Bound to Victorian classicism, vampires surrender their appeal in a contemporary setting. They’re no longer their romantic or tragic selves in present-day clothing, and their alluring qualities dissipate when they start dishing out pop-culture references. Modernized vampires never fare well on film. Usually clad in lots of black or lots of white, they parade around with their pale skin, soaked in hair product, a Zoolander-like gaze fixed on their mug, looking like rejects from the latest Calvin Klein ad. They lack ambiance and atmosphere—everything that made Dracula so bewitching. Anne Rice learned the hard way that placing vampires in today’s setting empties them of their effectiveness.  Then she became a born-again Christian. Twilight contains a pack of vampires posing as a family, most of them fitting the above description. Based on the novel by Stephenie Meyer, who has not yet renounced her horror-themed work in favor of religion, the film luckily treats its modern blood-suckers as supplementary to the convincing central romance.

The story centers on Bella (Kristen Stewart), an intelligent and tangible teenage girl no doubt named after Bela Lugosi (And if you don’t know who Bela Lugosi is, why are you watching a vampire movie?). She moves to Washington state to live with her affable-but-quiet father (Billy Burke), and there she meets Edward Cullen (Robert Pattinson). At their first encounter, Edward represses what appears to be a gag reflex, but later, we learn he struggled to suppress his bloodlust, which, of course, forecasts his love. Edward’s brand of vampirism is fiction’s least distressing (or interesting) sort. He lives in quiet anonymity, but plenty of threats exist in the sleepy town of Forks. For instance, a rival vamp gang is murdering local folk for chow, threatening the secrecy of Edward’s group. Elsewhere, lycanthropic Native Americans raise their eyebrows at Edward’s kind, pointing toward trouble on the horizon.

None of this has much to do with Bella and Edward finally embracing one another, however. That’s the story we’re interested in since the characters are believable and empathetic. Stewart has an immediate onscreen magnetism that has followed her throughout her career. Pattinson gives appropriately intense glares, some penetrating, some unintentionally humorous. Bella and Edward’s romance has vast potential, but it’s squandered by Meyer’s gimmicky horror device.

The film has been made into fodder for teenage girls, and though the potential to elevate the material for a wider audience exists, it wasn’t explored. Meyer’s vamps are the girliest they could be: They’re fangless vegetarians, who, instead of burning up in sunlight, sparkle as if dusted with glitter. It doesn’t hurt that they look like models, either. And yeah, so like, have you seen how cute Robert Pattinson is? Oh my god, like seriously. I needed to chillax after seeing the movie because he was like so hot! I mean, like, everybody’s talking about him. And when he like, looks at Bella, his eyes are like totally dreamy. Totally.

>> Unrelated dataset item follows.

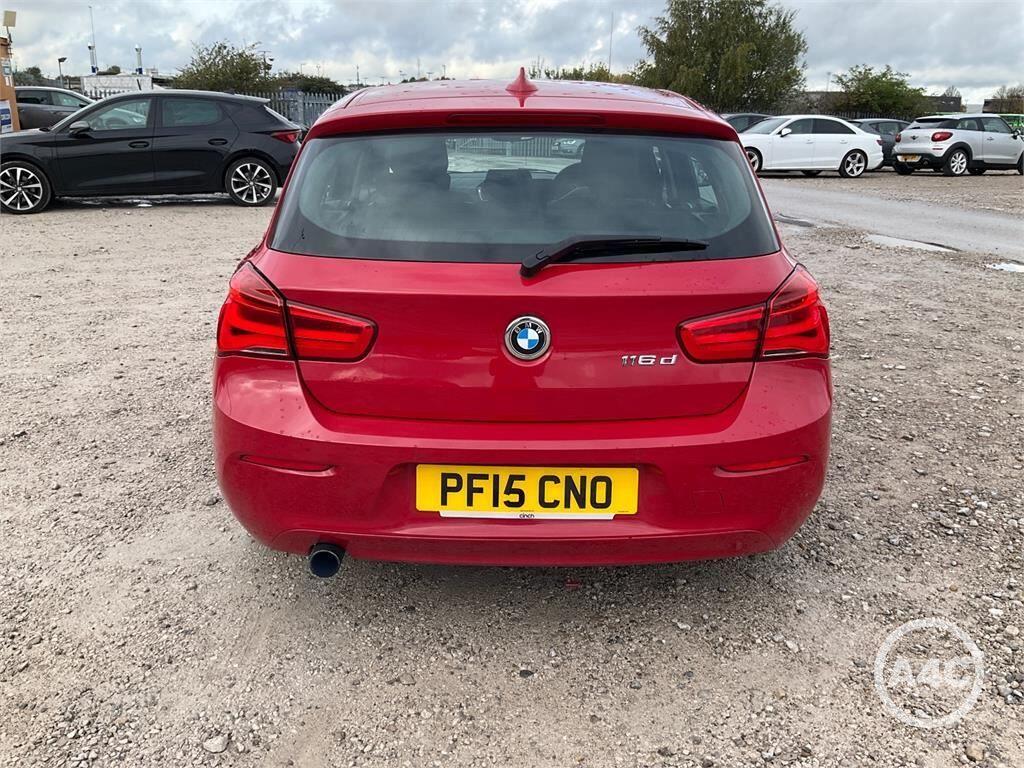 Used BMW 1 Series 2015 for sale - 76432187: Photo 6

Admittedly, I have not read Meyer’s novels, though everyone says I just have to. What bothers me most about films like Twilight is when fans will tell me, “You really have to read the book to get the movie.” So let me get this straight: In order to appreciate a movie, I have to read the book first? Doesn’t that defeat the purpose of the movie? Shouldn’t the book’s appeal be communicated by the movie without requiring audiences to emotionally recollect the same story on the printed page? Regardless of whether I’ve read the book or not, the movie should convey its characters and storyline within its running time. If it fails to capture those qualities, the adaptation is unsuccessful.

Though director Catherine Hardwicke’s movie shouldn’t be labeled unsuccessful, it’s certainly uneven. Scenes between Stewart and Pattinson include undeniable chemistry; the performers are superbly cast, and their sexual tension shakily visible. Meanwhile, the vampire effects and subplots about clan wars are contrived, more attuned to the triteness of the Blade or Underworld franchises. And by the allusions made throughout the film, that’s the direction this franchise is headed—another vampire vs. werewolf franchise. Perhaps Interview with the Vampire, Buffy the Vampire Slayer, and those like them have exhausted the genre, making any attempt at “freshness” or revival redundant.